Answering the call: ‘You’ll never have a bad hair day’
SARAH Mac DONALD talks to the Belfast order that counts a former BBC political correspondent among its numbers
Ayear after Pope John Paul II’s visit to Ireland, a French order of nuns established their first convent on the Falls Road in 1980. As the Troubles raged, the Adoration Sisters’ convent offered an oasis of peace in beleaguered West Belfast.

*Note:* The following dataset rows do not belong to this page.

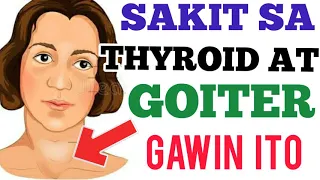 Goiter, Thyroid, Bukol: Kapain Ito! – by Doc Willie Ong #946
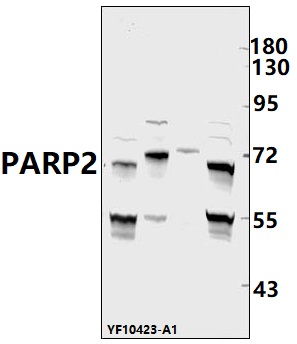 Western blot (WB) analysis of PARP2 pAb at 1:1000 dilution
Lane1:SHSY5Y whole cell lysate(40ug)
Lane2:U-87MG whole cell lysate(40ug)
Lane3:The heart tissue lysate of Rat(40ug)
Lane4:H9C2 whole cell lysate(40ug)
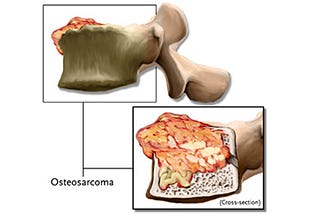 Obat Osteosarcoma AMPUH Juga Aman Dikonsumsi Tanpa Efek Samping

Scroll forward almost 40 years. This month, one of the Adoration Sisters’ newest recruits will feature among a host of high-profile journalists in a new book on the Troubles.
Sr Martina Purdy is a former BBC political correspondent who covered the Good Friday Agreement. In 2014, the glamorous, self-confessed “clothes horse” shocked the media world when she quit her job and left her make-up and stilettos behind, donning a brown habit and a veil instead.
Growing up in Canada, she attended a convent school but religious life “didn’t appeal to me at all”. Graduating from university in the 80s, she had a dream of being a journalist and so she “went for it and it fulfilled me for a long time”.
She got to meet all the main political players at a pivotal moment in Northern Ireland’s history, but as time went on, she started to feel “there was more that I wanted to give. I felt I was living a selfish life and I wanted a more meaningful life. I started going deeper into my faith and the deeper I went, the more this call started to grow — what was a fleeting thought became a burning ambition.”
Barrister Sr Elaine Kelly, who gave up her own law practice in her 40s and took vows of poverty, chastity and obedience in the same year as Sr Martina, was also a “late vocation” and says it is still “mindblowing”. The 50-year-old believes “people get caught up with wanting a high and seek it through different escapisms, but our hearts are made for God — the supreme happiness.”
These days the Belfast native from Turf Lodge doesn’t appear to miss the legal profession. “I love the work; I am mostly entrusted with the making of the altar breads. We manufacture them here at our bakery.”
In the order’s heyday, the Adoration Sisters had 300 members in convents across France. Now there are just three convents, in Paris, Belfast and Ferns, Co Wexford. Though the overall number of nuns has reduced, in recent years they have been bolstered by four new members in Ireland and two in Paris.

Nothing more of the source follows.